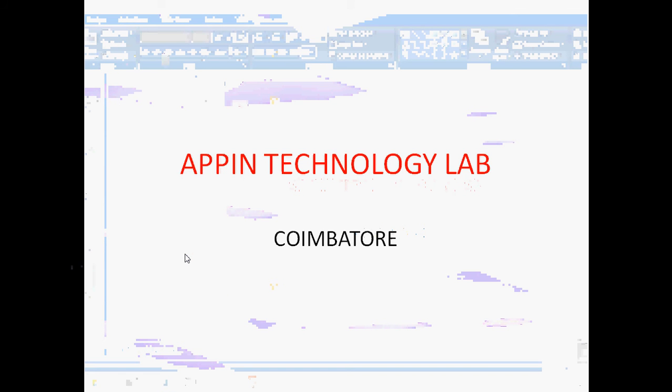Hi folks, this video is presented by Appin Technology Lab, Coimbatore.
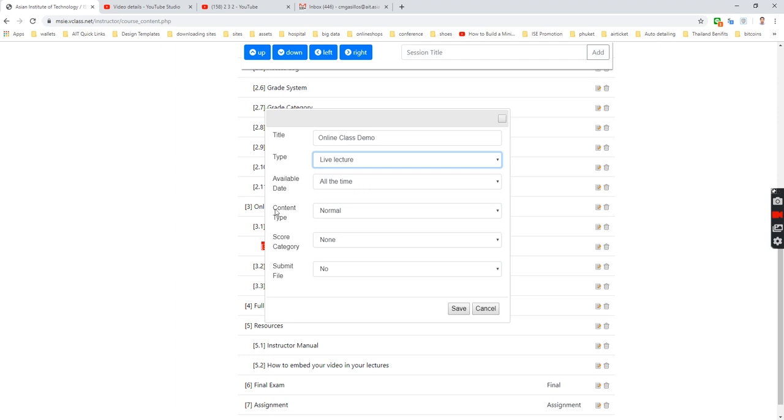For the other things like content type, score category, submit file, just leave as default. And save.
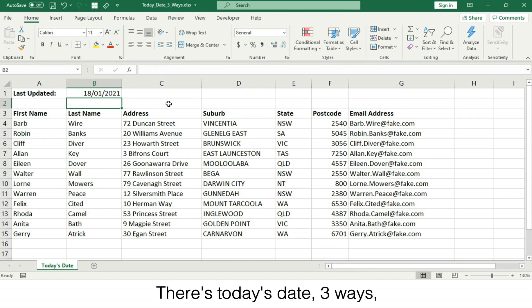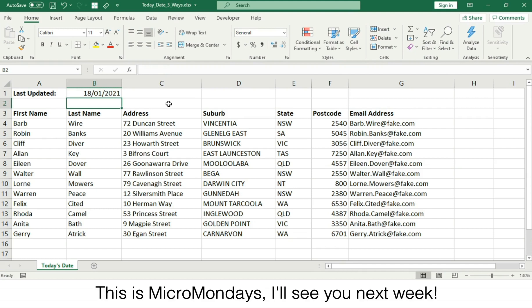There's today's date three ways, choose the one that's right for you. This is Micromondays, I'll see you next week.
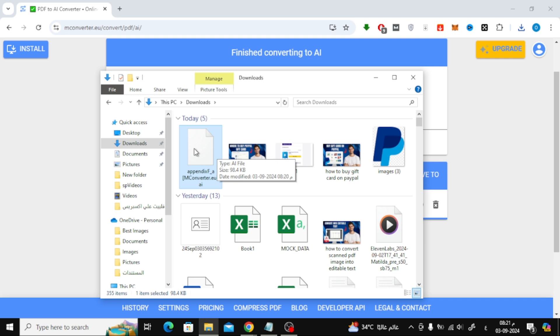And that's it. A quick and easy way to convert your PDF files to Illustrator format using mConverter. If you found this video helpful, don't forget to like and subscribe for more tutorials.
------------
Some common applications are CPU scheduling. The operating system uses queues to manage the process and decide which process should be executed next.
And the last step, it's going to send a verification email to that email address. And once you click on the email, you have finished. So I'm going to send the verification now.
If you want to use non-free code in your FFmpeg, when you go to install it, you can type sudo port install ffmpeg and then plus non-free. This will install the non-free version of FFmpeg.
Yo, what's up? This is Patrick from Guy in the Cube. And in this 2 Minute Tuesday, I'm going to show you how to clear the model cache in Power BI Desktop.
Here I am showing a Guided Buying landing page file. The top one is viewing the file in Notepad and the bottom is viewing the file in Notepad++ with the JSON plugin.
------------
* WHAT TO PRODUCE: Return the span of lines in the data above that opens at the line with "Yo, what's up?" and closes at the line with "Here I am showing", exactly, ends included, nothing else.

* TASK RESPONSE:
Yo, what's up? This is Patrick from Guy in the Cube. And in this 2 Minute Tuesday, I'm going to show you how to clear the model cache in Power BI Desktop.
Here I am showing a Guided Buying landing page file. The top one is viewing the file in Notepad and the bottom is viewing the file in Notepad++ with the JSON plugin.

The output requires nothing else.